**Work task**
Report every line of the records that contains the word "Faux".

**Task material**
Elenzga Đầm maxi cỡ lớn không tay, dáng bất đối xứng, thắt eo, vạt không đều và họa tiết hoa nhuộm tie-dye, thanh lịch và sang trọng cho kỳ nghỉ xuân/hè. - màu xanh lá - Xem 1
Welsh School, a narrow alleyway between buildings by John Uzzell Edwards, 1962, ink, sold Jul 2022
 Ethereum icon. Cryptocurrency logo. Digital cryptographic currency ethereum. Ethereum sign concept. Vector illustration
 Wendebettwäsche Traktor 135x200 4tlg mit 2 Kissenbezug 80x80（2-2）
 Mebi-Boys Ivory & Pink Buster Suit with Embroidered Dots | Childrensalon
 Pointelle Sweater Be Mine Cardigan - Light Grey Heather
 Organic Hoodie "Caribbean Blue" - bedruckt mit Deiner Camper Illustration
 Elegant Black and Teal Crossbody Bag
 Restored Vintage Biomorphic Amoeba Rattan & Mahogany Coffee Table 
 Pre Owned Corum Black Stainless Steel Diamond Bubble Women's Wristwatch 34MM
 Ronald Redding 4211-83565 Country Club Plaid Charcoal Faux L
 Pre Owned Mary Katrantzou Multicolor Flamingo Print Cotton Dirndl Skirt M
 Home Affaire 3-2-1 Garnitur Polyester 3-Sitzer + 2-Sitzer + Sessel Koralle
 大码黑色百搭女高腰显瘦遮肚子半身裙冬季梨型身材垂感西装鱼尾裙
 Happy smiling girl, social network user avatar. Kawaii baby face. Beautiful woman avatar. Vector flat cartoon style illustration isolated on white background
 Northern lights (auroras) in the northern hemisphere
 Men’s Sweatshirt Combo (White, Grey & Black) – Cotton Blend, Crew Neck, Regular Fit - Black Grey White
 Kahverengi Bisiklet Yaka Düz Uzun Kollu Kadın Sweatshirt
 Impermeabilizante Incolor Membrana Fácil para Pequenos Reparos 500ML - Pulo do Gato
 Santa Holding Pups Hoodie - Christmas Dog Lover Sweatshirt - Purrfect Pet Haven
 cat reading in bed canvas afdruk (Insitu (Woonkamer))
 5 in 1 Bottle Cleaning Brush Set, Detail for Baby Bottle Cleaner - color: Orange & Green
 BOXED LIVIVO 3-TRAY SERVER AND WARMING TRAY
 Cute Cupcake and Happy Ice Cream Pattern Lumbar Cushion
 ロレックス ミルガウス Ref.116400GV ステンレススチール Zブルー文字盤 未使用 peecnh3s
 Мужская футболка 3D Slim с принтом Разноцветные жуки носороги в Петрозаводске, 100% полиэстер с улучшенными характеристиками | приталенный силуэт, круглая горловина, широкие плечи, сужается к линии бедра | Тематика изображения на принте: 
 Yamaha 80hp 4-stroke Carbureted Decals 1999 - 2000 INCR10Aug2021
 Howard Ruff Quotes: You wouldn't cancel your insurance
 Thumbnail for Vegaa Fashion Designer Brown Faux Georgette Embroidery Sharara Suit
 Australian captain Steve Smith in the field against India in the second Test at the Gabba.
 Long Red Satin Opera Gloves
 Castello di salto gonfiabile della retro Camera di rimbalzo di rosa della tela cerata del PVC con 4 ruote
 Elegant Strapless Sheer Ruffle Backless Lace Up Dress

**Final answer**
 Ronald Redding 4211-83565 Country Club Plaid Charcoal Faux L
 Thumbnail for Vegaa Fashion Designer Brown Faux Georgette Embroidery Sharara Suit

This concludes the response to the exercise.